# Rythmik FV12 vs Chase CS 10.2



## Picture_Shooter (Dec 23, 2007)

Looking for a new sub for upcoming home which is almost completed.

Dedicated HT room (my man-cave) is 16x24x8 (W x L x H).

I am debating on either the Rythmik FV12 or Chase CS 10.2

Right now, I love the price for the 10.2 

Future is to have duals. So friends; Which you folks think will be a better purchase  ?

Tank-Ya :sn:


----------



## GranteedEV (Aug 8, 2010)

The rooms seems on the large side. I think it would benefit from the extra extension of the vented Rythmik.
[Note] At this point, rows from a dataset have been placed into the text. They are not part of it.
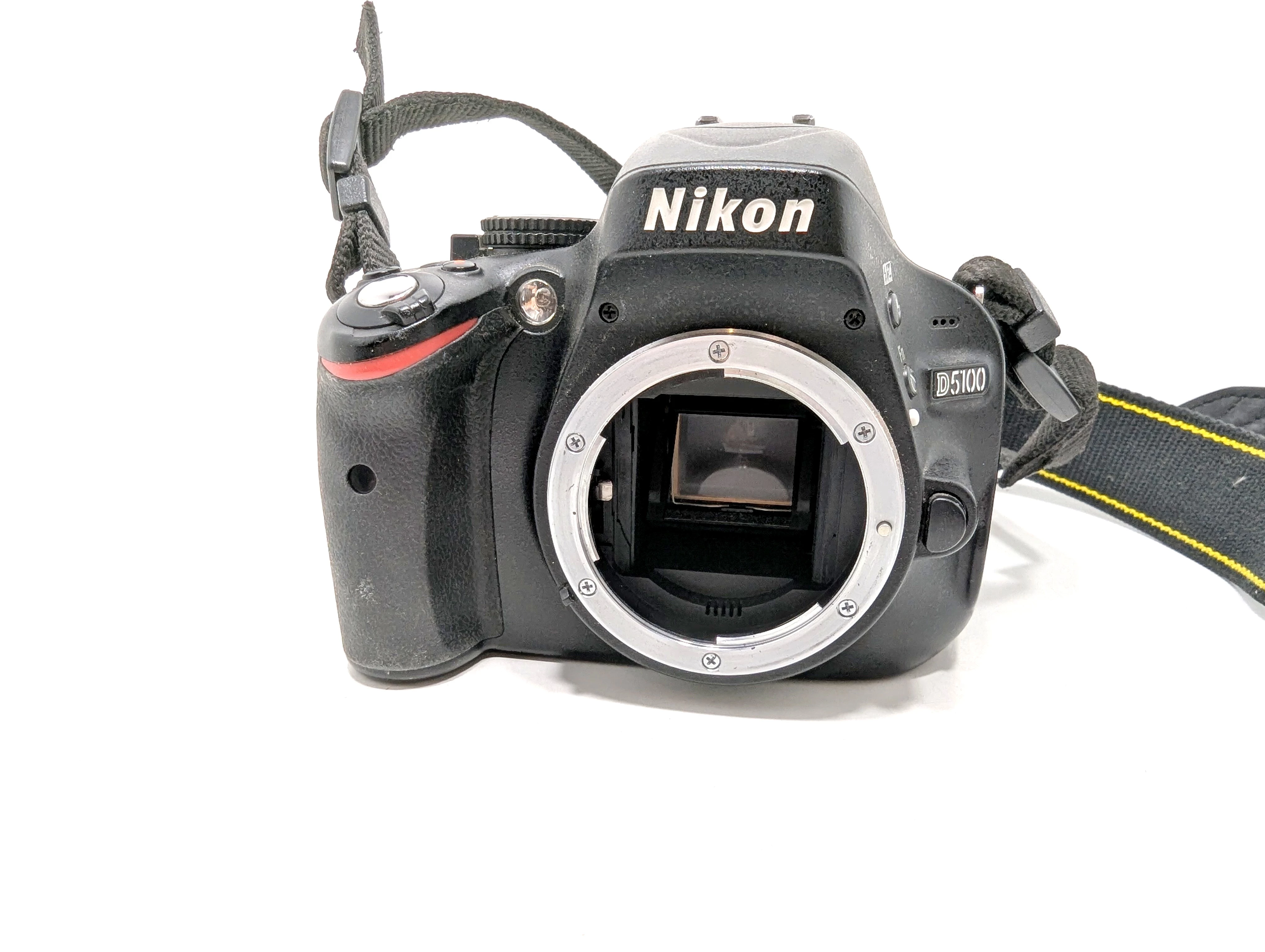 aparat-nikon-d5100-obiektyw-nikor-18-105-komplet-ean-gtin-5906948895423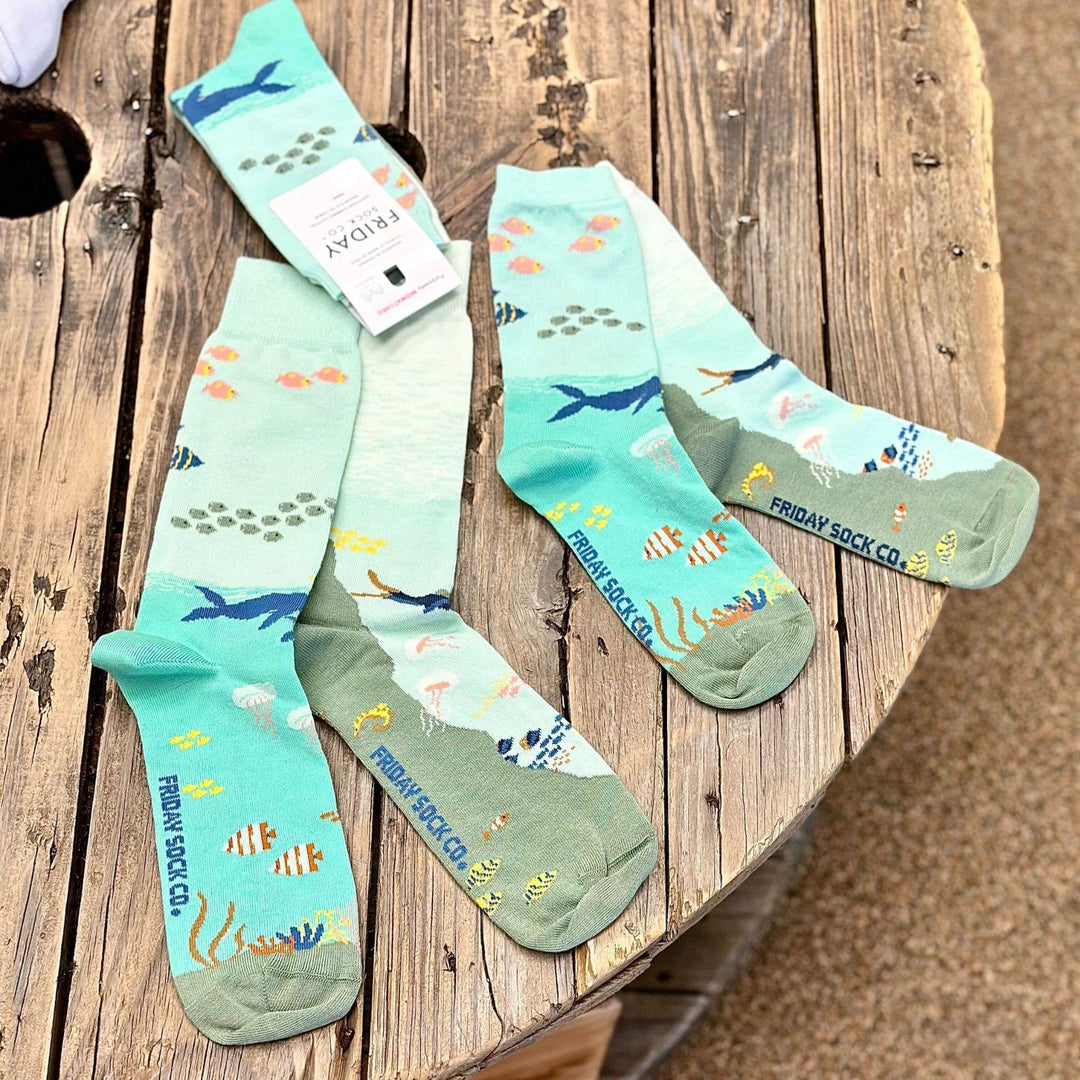Men's Underwater Scene Socks: Men's 7 - 12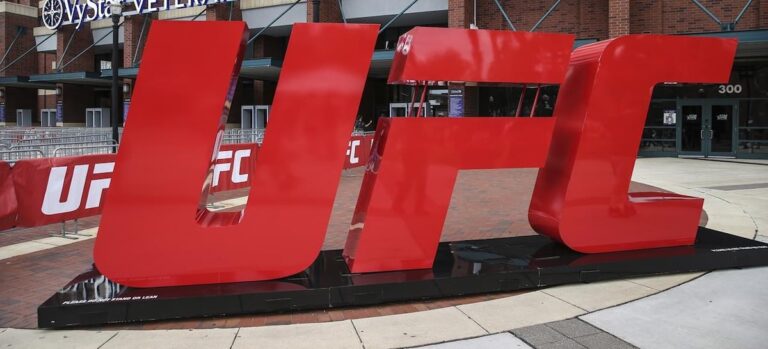 La Canadienne Corinne Laframboise, poids mouche, rate à nouveau son contrat avec l'UFC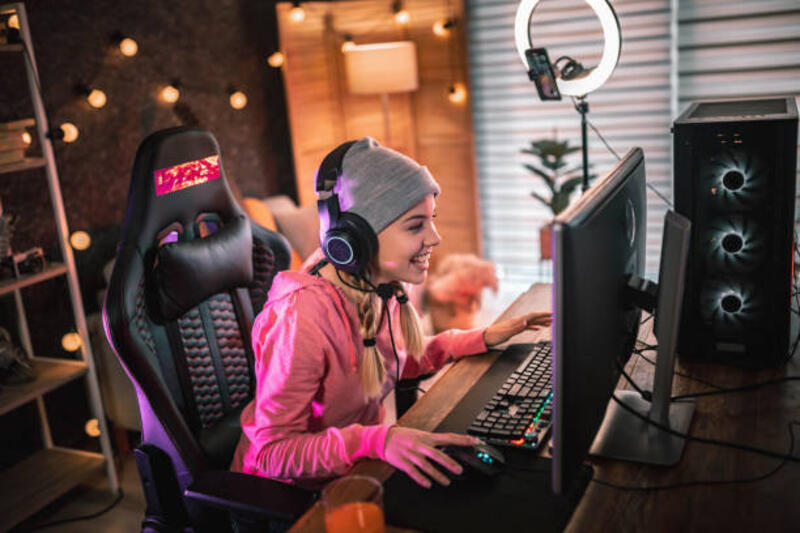 gadis bermain video game online dan streaming di rumah - gamers use headphone potret stok, foto, & gambar bebas royalti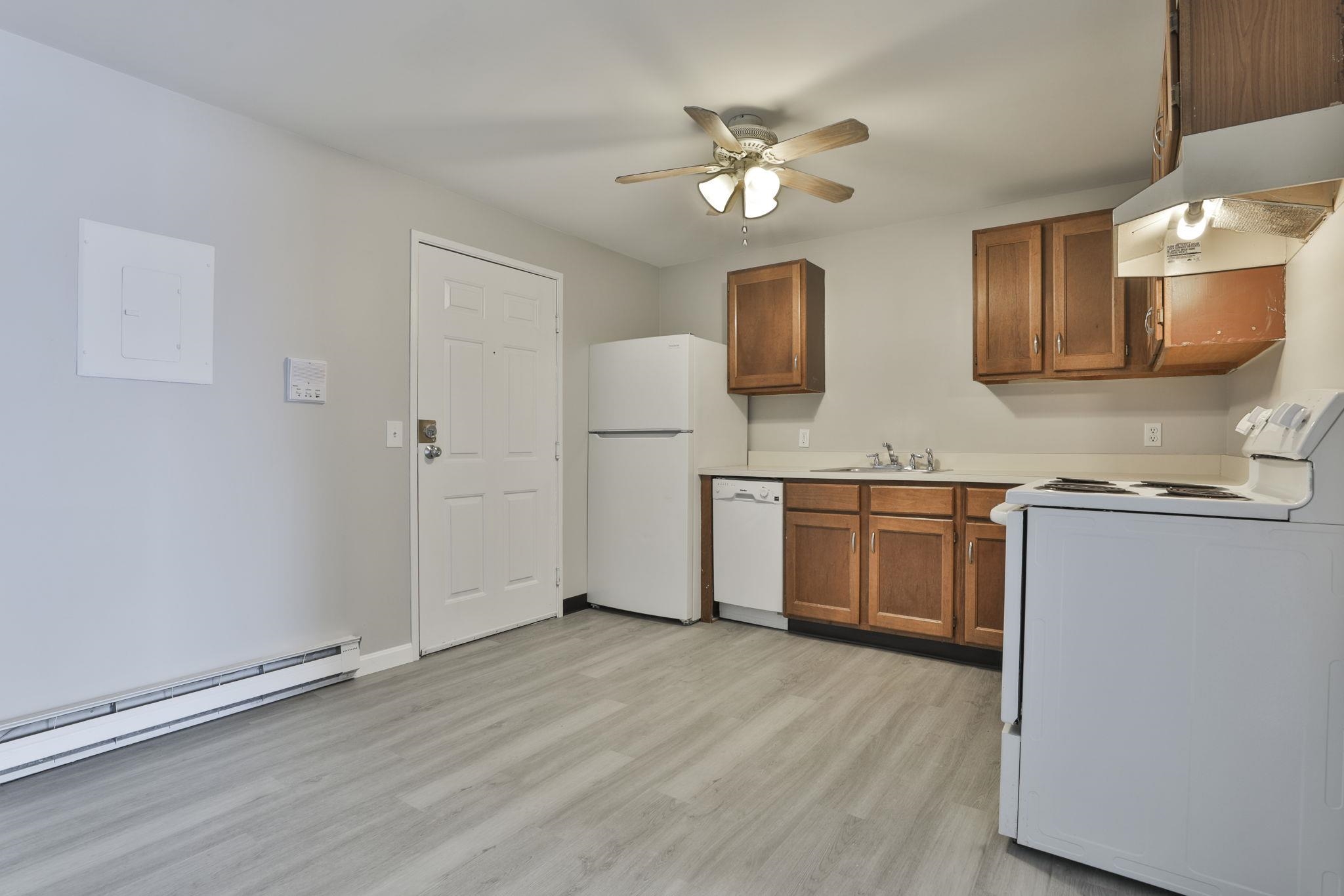 12 East Side Drive 19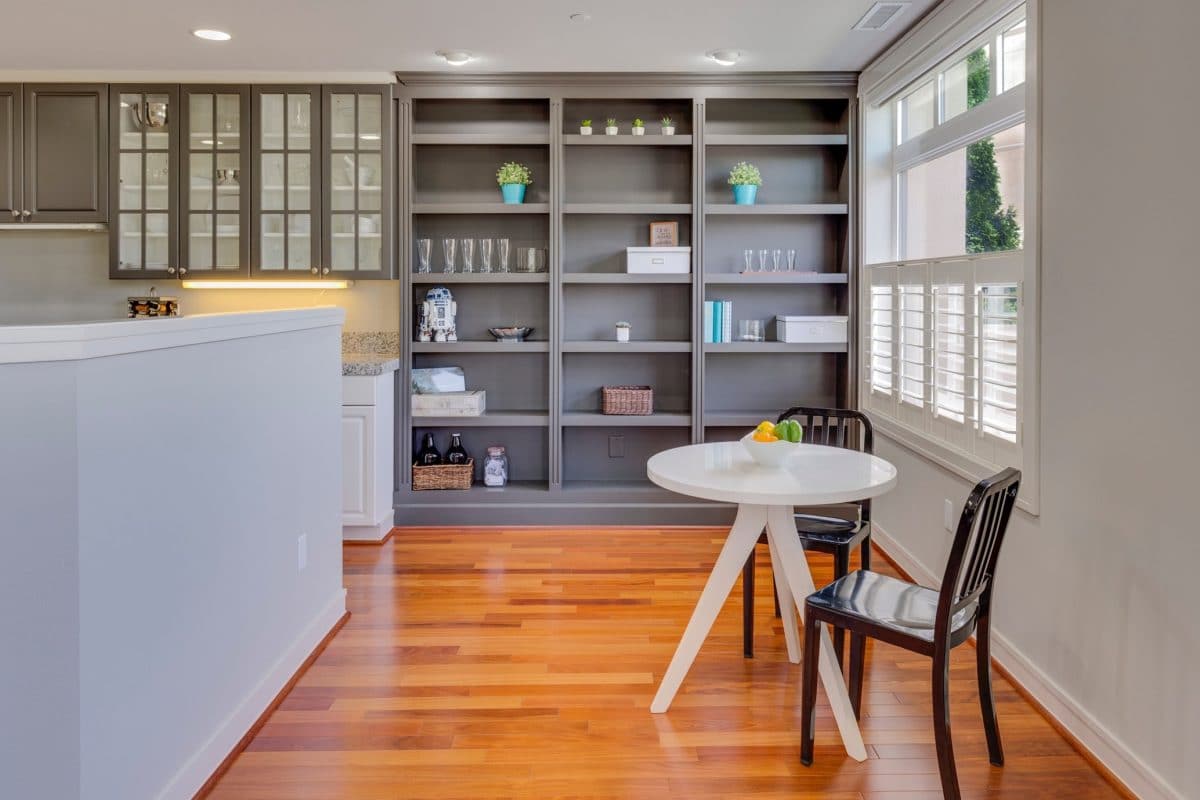 grey-kitchen-shelving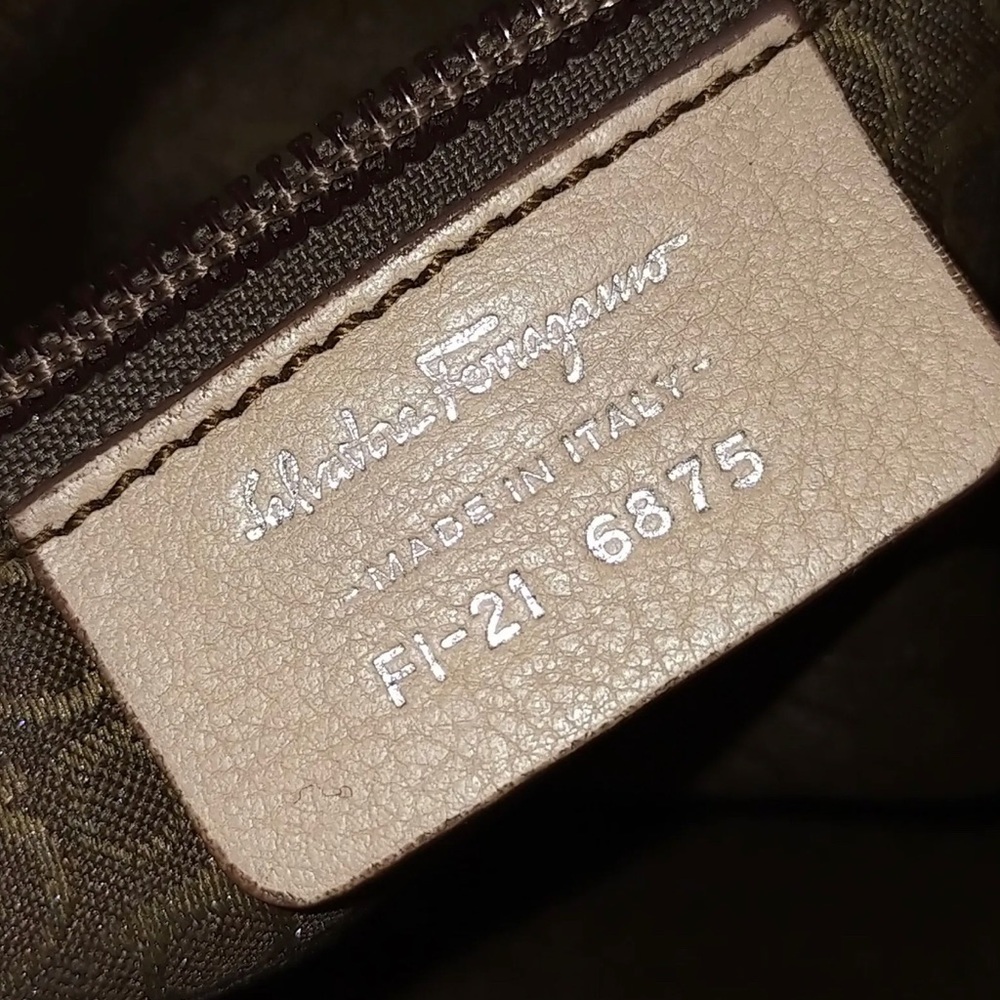 Salvatore Ferragamo Hand Bag Beige - Picture 5 of 6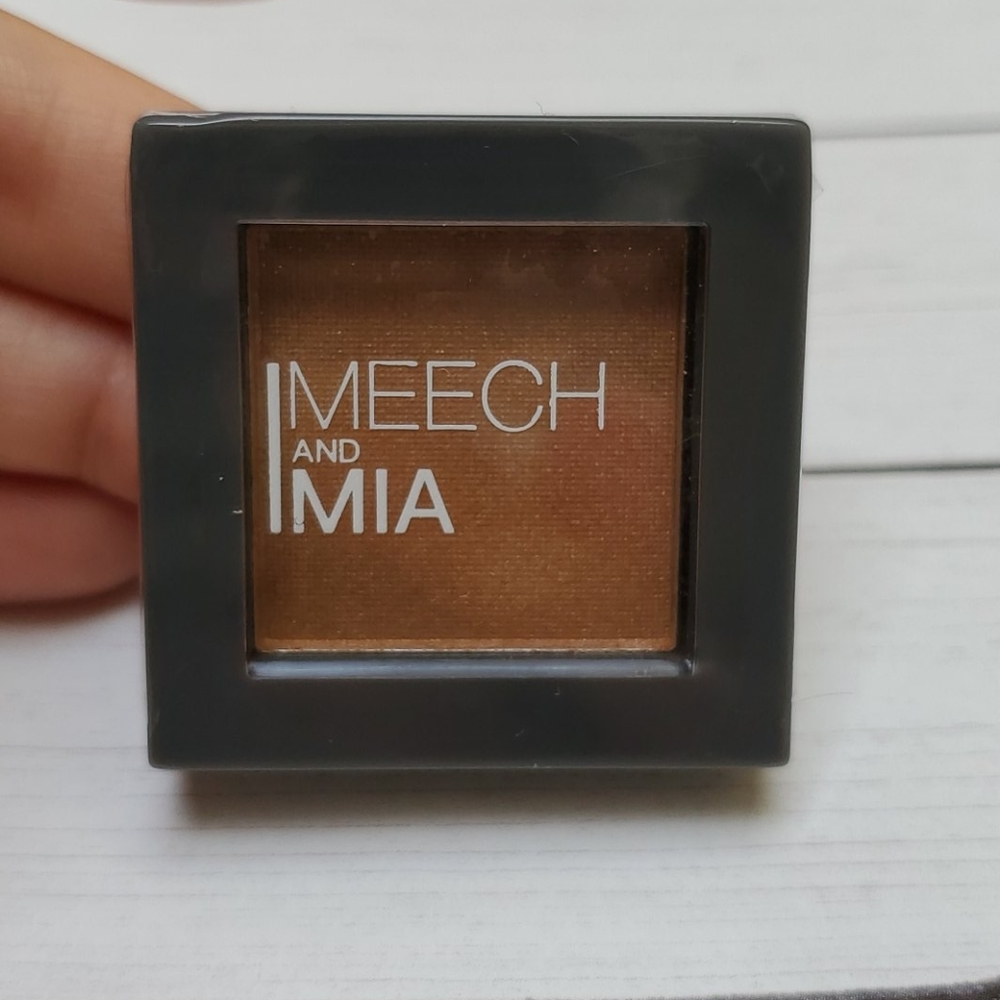 Eyeshadow - Picture 2 of 3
The sealed CS10.2 is about 12db down at 20hz which means it might be well suited to small rooms with plenty of gain, but not larger rooms like yours.

I also think the rythmik will have superior build quality, if that means anything to you.

midbass output wise, I'd expect the difference to be mostly negligible, although i wouldn't be surprised if the CHT had an edge. Multiple subs however fill the output aspect in decently.


----------



## Almadacr (May 5, 2011)

How about Dual EPIK`s Legend ????


----------



## tesseract (Aug 9, 2010)

Picture_Shooter - In a room that size you want to go BIGGER or MORE. Two of either sub isn't going to be enough. Four of the Chase or Rythmik subs, now we're talking. 15" or 18" woofers would be sweet, too. 

Is the room pretty well sealed or open to other rooms?


----------



## eugovector (Sep 4, 2006)

I played this same game, only I was leaning more towards the emotiva than the Chase: http://www.hometheatershack.com/for...so-considering-svs-ed-epik-chase-rythmik.html

In the end, I thought I had landed on two Rythmik FV12s. But, I've been in contact with Brian Ding from Rythmik, and he's leaning me towards a single FV15. Rightly so, it is the same price as the Dual 12 and is a much better quality sub, but it's also larger (my theater is our family room) and I lose the benefit of better response across multiple listening positions (I'm not always sitting in the sweet spot).

At this point, I'm leaning towards breaking the budget on a single FV15, and saving up for another down the road.


----------



## Brunt (Aug 7, 2011)

Almadacr said:


> How about Dual EPIK`s Legend ????


How about one Epik Empire? CAn always add a second down the road if it's not enough. If you get 2 of these subs and aren't completely happy, what's next? Add 4? In that size room I agree with paying $700-$800 for one sub now vs that price for two.


----------